Forum | Documentation | Website | Blog

Skip to content
Snippets Groups Projects
  1. Jul 19, 2024
    • Jason A. Donenfeld's avatar
      random: introduce generic vDSO getrandom() implementation · 4ad10a5f
      Jason A. Donenfeld authored
      
      Provide a generic C vDSO getrandom() implementation, which operates on
      an opaque state returned by vgetrandom_alloc() and produces random bytes
      the same way as getrandom(). This has the following API signature:
      
        ssize_t vgetrandom(void *buffer, size_t len, unsigned int flags,
                           void *opaque_state, size_t opaque_len);
      
      The return value and the first three arguments are the same as ordinary
      getrandom(), while the last two arguments are a pointer to the opaque
      allocated state and its size. Were all five arguments passed to the
      getrandom() syscall, nothing different would happen, and the functions
      would have the exact same behavior.
      
      The actual vDSO RNG algorithm implemented is the same one implemented by
      drivers/char/random.c, using the same fast-erasure techniques as that.
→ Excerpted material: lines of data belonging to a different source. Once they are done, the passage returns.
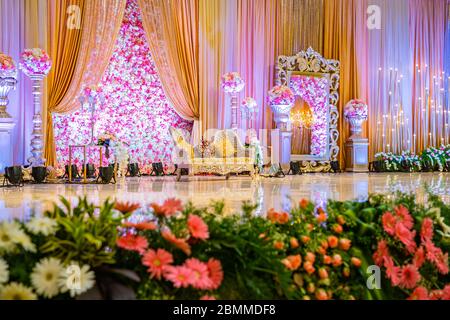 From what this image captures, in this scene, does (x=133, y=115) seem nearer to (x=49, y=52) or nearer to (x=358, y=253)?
(x=49, y=52)

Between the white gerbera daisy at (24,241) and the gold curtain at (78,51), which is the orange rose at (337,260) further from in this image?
the gold curtain at (78,51)

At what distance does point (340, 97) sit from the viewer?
13.0 meters

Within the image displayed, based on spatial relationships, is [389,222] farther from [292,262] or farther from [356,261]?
[292,262]

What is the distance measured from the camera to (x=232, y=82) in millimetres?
10594

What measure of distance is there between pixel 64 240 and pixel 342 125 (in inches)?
473

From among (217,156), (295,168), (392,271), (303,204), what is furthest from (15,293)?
(295,168)

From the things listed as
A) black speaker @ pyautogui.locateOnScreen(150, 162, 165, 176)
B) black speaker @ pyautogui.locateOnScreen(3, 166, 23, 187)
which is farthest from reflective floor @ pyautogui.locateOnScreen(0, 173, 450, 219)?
black speaker @ pyautogui.locateOnScreen(150, 162, 165, 176)

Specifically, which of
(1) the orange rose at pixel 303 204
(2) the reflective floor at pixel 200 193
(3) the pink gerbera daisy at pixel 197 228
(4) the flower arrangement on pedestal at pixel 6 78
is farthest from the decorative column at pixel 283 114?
(3) the pink gerbera daisy at pixel 197 228

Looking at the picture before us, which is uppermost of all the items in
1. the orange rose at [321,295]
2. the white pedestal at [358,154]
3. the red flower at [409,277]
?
the white pedestal at [358,154]

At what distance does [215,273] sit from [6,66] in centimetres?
740

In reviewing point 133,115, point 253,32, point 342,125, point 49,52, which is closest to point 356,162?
point 342,125

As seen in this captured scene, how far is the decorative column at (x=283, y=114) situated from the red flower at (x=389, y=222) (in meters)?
9.08

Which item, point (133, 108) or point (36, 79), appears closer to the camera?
point (36, 79)

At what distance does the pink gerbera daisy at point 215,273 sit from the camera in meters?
1.70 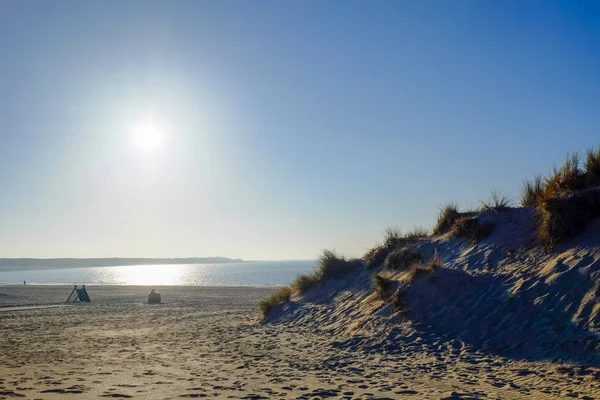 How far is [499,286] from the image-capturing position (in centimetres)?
1054

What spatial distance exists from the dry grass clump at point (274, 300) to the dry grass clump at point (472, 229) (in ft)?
22.2

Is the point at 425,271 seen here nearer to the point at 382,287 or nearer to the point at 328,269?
the point at 382,287

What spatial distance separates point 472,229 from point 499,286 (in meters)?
3.11

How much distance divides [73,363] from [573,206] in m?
11.3

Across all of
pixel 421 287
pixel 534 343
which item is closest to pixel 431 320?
pixel 421 287

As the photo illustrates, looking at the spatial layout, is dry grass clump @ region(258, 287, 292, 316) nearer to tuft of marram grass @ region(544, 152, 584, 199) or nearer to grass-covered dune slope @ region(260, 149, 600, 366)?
grass-covered dune slope @ region(260, 149, 600, 366)

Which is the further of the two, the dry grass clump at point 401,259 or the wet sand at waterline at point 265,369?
the dry grass clump at point 401,259

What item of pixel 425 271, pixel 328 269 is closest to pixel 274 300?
pixel 328 269

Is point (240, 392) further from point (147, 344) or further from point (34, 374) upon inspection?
point (147, 344)

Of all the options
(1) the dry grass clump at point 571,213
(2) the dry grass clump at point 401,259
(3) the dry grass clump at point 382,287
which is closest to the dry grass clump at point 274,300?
(2) the dry grass clump at point 401,259

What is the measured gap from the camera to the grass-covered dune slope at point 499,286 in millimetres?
8695

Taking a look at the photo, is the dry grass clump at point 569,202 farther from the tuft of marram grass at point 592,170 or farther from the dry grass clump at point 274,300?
the dry grass clump at point 274,300

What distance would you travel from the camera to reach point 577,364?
734 centimetres

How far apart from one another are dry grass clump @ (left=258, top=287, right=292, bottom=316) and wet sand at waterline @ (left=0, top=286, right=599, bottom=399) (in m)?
3.00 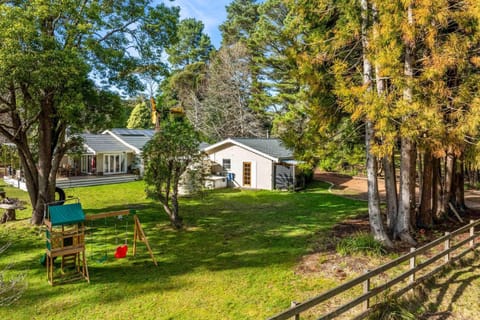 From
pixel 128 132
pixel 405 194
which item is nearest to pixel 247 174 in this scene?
pixel 405 194

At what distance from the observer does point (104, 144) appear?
1001 inches

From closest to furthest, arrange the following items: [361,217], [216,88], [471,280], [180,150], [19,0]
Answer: [471,280]
[19,0]
[180,150]
[361,217]
[216,88]

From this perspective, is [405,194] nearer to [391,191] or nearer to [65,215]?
[391,191]

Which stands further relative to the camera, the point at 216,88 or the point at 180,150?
the point at 216,88

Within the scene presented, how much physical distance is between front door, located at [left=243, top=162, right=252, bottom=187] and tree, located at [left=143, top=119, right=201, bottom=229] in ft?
31.7

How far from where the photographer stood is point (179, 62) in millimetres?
42562

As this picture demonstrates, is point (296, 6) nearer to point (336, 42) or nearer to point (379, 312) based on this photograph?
point (336, 42)

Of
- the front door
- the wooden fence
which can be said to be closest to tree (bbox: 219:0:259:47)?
the front door

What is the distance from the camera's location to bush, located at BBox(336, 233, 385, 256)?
8.14 m

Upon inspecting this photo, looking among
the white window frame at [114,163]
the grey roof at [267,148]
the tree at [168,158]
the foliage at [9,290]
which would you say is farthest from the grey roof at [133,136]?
the foliage at [9,290]

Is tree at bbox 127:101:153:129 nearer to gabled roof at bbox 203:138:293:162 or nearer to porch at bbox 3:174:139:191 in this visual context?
porch at bbox 3:174:139:191

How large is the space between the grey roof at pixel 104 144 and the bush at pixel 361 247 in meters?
20.9

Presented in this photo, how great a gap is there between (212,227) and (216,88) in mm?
24554

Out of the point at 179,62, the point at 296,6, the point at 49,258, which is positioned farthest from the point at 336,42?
the point at 179,62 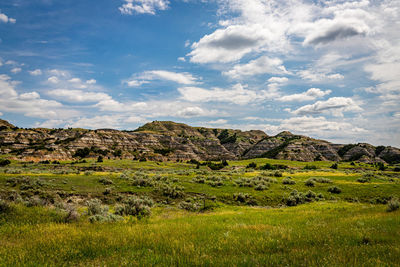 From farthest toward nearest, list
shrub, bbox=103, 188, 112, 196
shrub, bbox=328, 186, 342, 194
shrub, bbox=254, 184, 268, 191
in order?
1. shrub, bbox=254, 184, 268, 191
2. shrub, bbox=328, 186, 342, 194
3. shrub, bbox=103, 188, 112, 196

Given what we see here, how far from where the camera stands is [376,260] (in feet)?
16.5

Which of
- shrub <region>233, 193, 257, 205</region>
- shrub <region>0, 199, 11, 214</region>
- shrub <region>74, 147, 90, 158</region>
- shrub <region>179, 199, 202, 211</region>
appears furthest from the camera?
shrub <region>74, 147, 90, 158</region>

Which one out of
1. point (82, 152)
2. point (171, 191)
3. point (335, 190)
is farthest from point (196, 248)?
point (82, 152)

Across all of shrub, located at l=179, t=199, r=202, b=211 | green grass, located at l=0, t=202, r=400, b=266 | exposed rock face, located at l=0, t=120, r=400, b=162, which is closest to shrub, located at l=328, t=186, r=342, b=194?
shrub, located at l=179, t=199, r=202, b=211

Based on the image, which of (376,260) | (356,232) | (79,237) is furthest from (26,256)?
(356,232)

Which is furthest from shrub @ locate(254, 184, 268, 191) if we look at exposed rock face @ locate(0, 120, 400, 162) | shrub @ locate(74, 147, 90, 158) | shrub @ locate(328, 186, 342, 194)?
shrub @ locate(74, 147, 90, 158)

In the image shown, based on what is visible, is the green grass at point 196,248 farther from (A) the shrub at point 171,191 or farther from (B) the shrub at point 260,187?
(B) the shrub at point 260,187

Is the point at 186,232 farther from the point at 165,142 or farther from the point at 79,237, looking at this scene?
the point at 165,142

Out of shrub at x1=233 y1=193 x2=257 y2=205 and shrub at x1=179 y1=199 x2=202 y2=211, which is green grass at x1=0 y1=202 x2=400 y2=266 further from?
shrub at x1=233 y1=193 x2=257 y2=205

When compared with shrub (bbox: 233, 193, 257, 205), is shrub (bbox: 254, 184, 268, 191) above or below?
above

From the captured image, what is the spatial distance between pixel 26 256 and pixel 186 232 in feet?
17.6

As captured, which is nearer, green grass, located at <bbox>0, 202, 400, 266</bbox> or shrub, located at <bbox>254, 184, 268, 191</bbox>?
green grass, located at <bbox>0, 202, 400, 266</bbox>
      Should the in-kernel implementation change, so too will the vDSO one.
      
      It requires an implementation of ChaCha20 that does not use any stack,
      in order to maintain forward secrecy if a multi-threaded program forks
      (though this does not account for a similar issue with SA_SIGINFO
      copying registers to the stack), so this is left as an
      architecture-specific fill-in. Stack-less ChaCha20 is an easy algorithm
      to implement on a variety of architectures, so this shouldn't be too
      onerous.
      
      Initially, the state is keyless, and so the first call makes a
      getrandom() syscall to generate that key, and then uses it for
      subsequent calls. By keeping track of a generation counter, it knows
      when its key is invalidated and it should fetch a new one using the
      syscall. Later, more than just a generation counter might be used.
      
      Since MADV_WIPEONFORK is set on the opaque state, the key and related
      state is wiped during a fork(), so secrets don't roll over into new
      processes, and the same state doesn't accidentally generate the same
      random stream. The generation counter, as well, is always >0, so that
      the 0 counter is a useful indication of a fork() or otherwise
      uninitialized state.
      
      If the kernel RNG is not yet initialized, then the vDSO always calls the
      syscall, because that behavior cannot be emulated in userspace, but
      fortunately that state is short lived and only during early boot. If it
      has been initialized, then there is no need to inspect the `flags`
      argument, because the behavior does not change post-initialization
      regardless of the `flags` value.
      
      Since the opaque state passed to it is mutated, vDSO getrandom() is not
      reentrant, when used with the same opaque state, which libc should be
      mindful of.
      
      The function works over an opaque per-thread state of a particular size,
      which must be marked VM_WIPEONFORK, VM_DONTDUMP, VM_NORESERVE, and
      VM_DROPPABLE for proper operation. Over time, the nuances of these
      allocations may change or grow or even differ based on architectural
      features.
      
      The opaque state passed to vDSO getrandom() must be allocated using the
      mmap_flags and mmap_prot parameters provided by the vgetrandom_opaque_params
      struct, which also contains the size of each state. That struct can be
      obtained with a call to vgetrandom(NULL, 0, 0, &params, ~0UL). Then,
      libc can call mmap(2) and slice up the returned array into a state per
      each thread, while ensuring that no single state straddles a page
      boundary. Libc is expected to allocate a chunk of these on first use,
      and then dole them out to threads as they're created, allocating more
      when needed.
      
      vDSO getrandom() provides the ability for userspace to generate random
      bytes quickly and safely, and is intended to be integrated into libc's
      thread management. As an illustrative example, the introduced code in
      the vdso_test_getrandom self test later in this series might be used to
      do the same outside of libc. In a libc the various pthread-isms are
      expected to be elided into libc internals.
      
      Reviewed-by: default avatarThomas Gleixner <tglx@linutronix.de>
      Signed-off-by: default avatarJason A. Donenfeld <Jason@zx2c4.com>
      4ad10a5f
    • Yang Yang's avatar
      sbitmap: fix io hung due to race on sbitmap_word::cleared · 72d04bdc
      Yang Yang authored
      Configuration for sbq:
        depth=64, wake_batch=6, shift=6, map_nr=1
      
      1. There are 64 requests in progress:
        map->word = 0xFFFFFFFFFFFFFFFF
      2. After all the 64 requests complete, and no more requests come:
        map->word = 0xFFFFFFFFFFFFFFFF, map->cleared = 0xFFFFFFFFFFFFFFFF
      3. Now two tasks try to allocate requests:
        T1:                                       T2:
        __blk_mq_get_tag                          .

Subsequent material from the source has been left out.